The original intent of Model_Exporter was to produce lean code, often for low resource targets, where a minimal number of basic matrix operations are needed to convert application of a model into a top-down recipe. As such, some model and preprocessing methods are precluded from export in Model_Exporter due to requiring high level functions, iterations, and the like. In response to customer requests to broaden this list, especially in instances where computing resources are not so limited, we have added to the Model_Exporter architecture an add-on library named

evriMEaddon

(MATLAB, Python and XML platforms). The main code exported by Model_Exporter will continue to consist of basic matrix operations and be strictly top-down, but additional functionality will be available through a call to this library.


Enabled Support For:

Preprocessing Methods

  • "baseline" (Weighted least squares baseline correction): Matlab, Python. Currently not supported by XML-Java or XML-C# Interpreter
  • "whittaker" (Whittaker baseline correction): Matlab, Python, XML. Supported by Java and C# Interpreters

Model Types

  • LWR: Matlab, Python
  • CLSTI: Matlab, Python, XML - Java

Implementations

Matlab and Python methods are included in files evriMEaddon.m and evriMEaddon.py available in the supplied evrimeaddon folder. Java and CSharp methods are included in the supplied MEInterpreter\Java\javainterpreter.jar. and MEInterpreter\CSharp\bin\Release\ModelExporterInterpreter.dll.

Examples

For example, in an exported model calling for Whittaker baseline correction, the following code is generated defining the parameters for the preprocessing algorithm (following examples in MATLAB code):

whittakerOPS.lambda = 100;
whittakerOPS.p = 0.001;
whittakerOPS.maxiter = 100;
whittakerOPS.maxtime = 600;

The baseline correction is performed with the following command:

x = evriMEaddon('evriMEwhittaker', x, whittakerOPS);

The syntax will always consist of calling the library

evriMEaddon

and the argument list consists of

  • the name of the module
  • the variable containing the data
  • any additional parameters (for example, weight least squares baseline correction uses the axis scale from mode 2 of the data)
  • an options structure (MATLAB)/dictionary (Python) containing the necessary parameters for applying the algorithm

Note that these commands will be generated automatically by Model_Exporter, so no further modification is needed on the part of the user.

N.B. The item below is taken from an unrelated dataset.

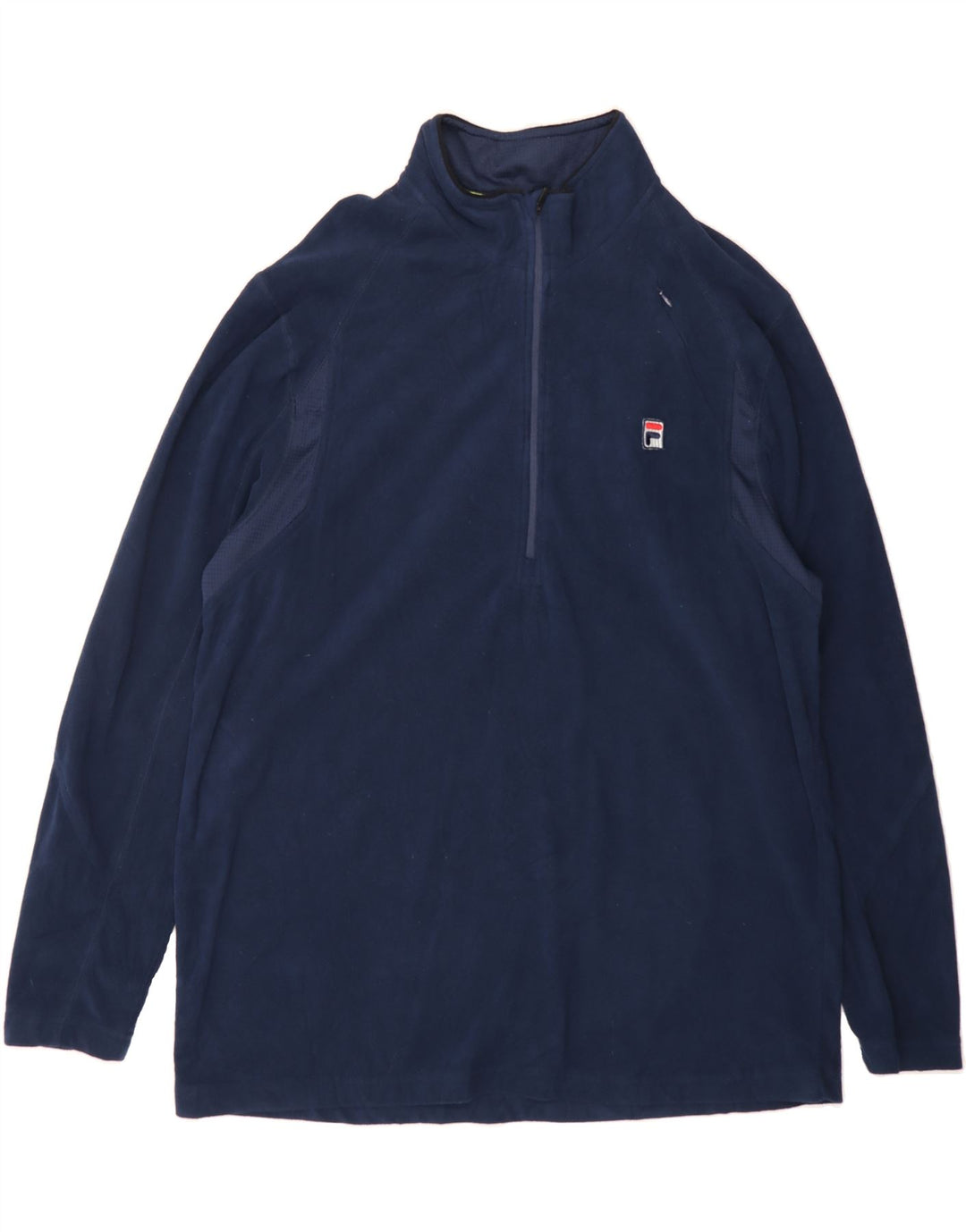 FILA Womens Zip Neck Fleece Jumper XL Navy Blue Polyester Vintage Fila and Second-Hand Fila from Messina Hembry 
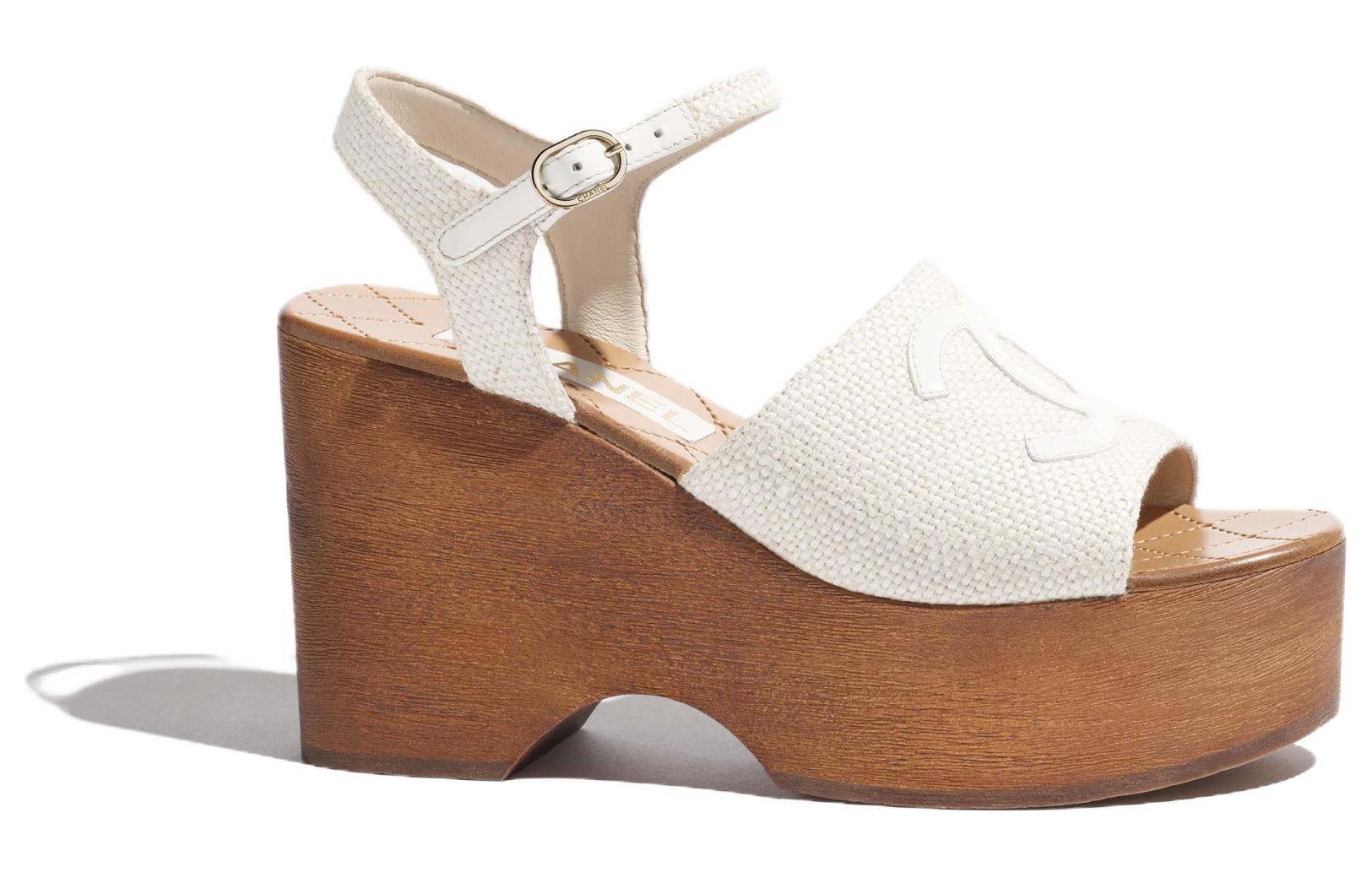 CHANEL One Strap Sandals 10cm Women's White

The files evriMEaddon.m and evriMEaddon.py may be found in the folder "evrimeaddon" under the main installation folder for Model_Exporter. During deployment, these files need to be accessible within the environment of the exported model code. In the case of Python, the evriMEaddon function needs to be imported within the application via

from evriMEaddon import evriMEaddon

or add evriMEaddon.py to the Python path.